Em Goiás, a Turma Recursal dos Juizados Especiais condenou um banco a pagar 15 mil reais de indenização por danos sociais e 2.500 reais por danos morais em razão de um cliente ter esperado muito tempo para ser atendido. O valor da indenização por danos morais foi destinado ao cliente e a reparação por danos sociais revertida em favor de uma instituição de caridade.

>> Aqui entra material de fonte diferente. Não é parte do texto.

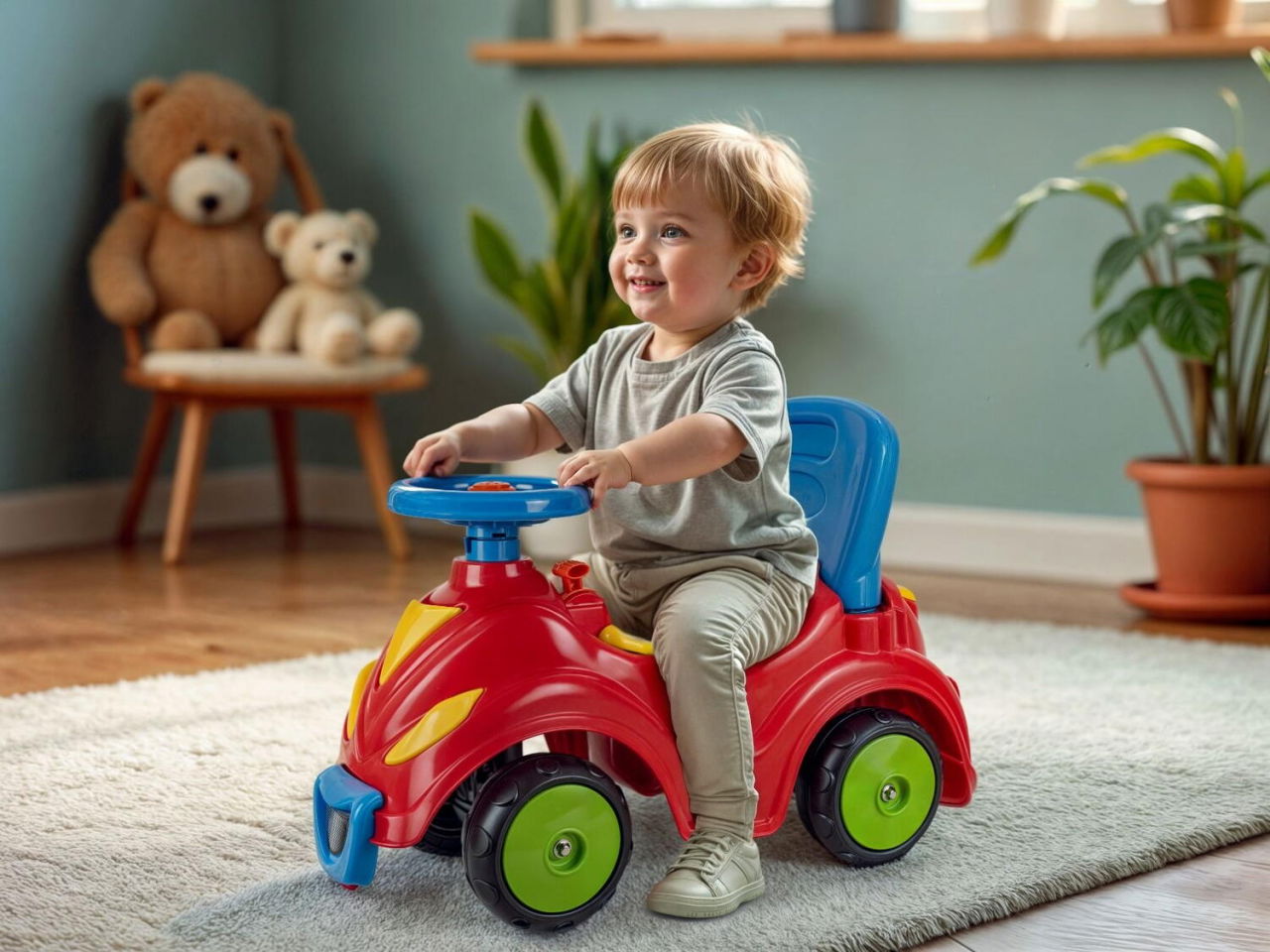 Masina fara pedale 2 in 1 - Smile [5]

A referida decisão, contudo, foi suspensa pelo STJ em virtude de a condenação por danos sociais ter sido em sede de recurso do banco, configurando reformatio in pejus (AgRg na Reclamação Nº 13.200 – GO).

Na V Jornada de Direito Civil do CJF/STJ foi aprovado um enunciado reconhecendo a existência dos danos sociais:
Enunciado 455: A expressão “dano” no art. 944 abrange não só os danos individuais, materiais ou imateriais, mas também os danos sociais, difusos, coletivos e individuais homogêneos a serem reclamados pelos legitimados para propor ações coletivas.

Obras consultadas:
AZEVEDO, Antônio Junqueira de. Por uma nova categoria de dano na responsabilidade civil: o dano social. In: FILOMENO, José Geraldo Brito; WAGNER JR., Luiz Guilherme da Costa; GONÇALVES, Renato Afonso (coord.). O Código Civil e sua interdisciplinariedade. Belo Horizonte: Del Rey, 2004.

TARTUCE, Flávio; NEVES, Daniel Amorim Assumpção. Manual de Direito do Consumidor. 2ª ed., São Paulo: Método, 2013.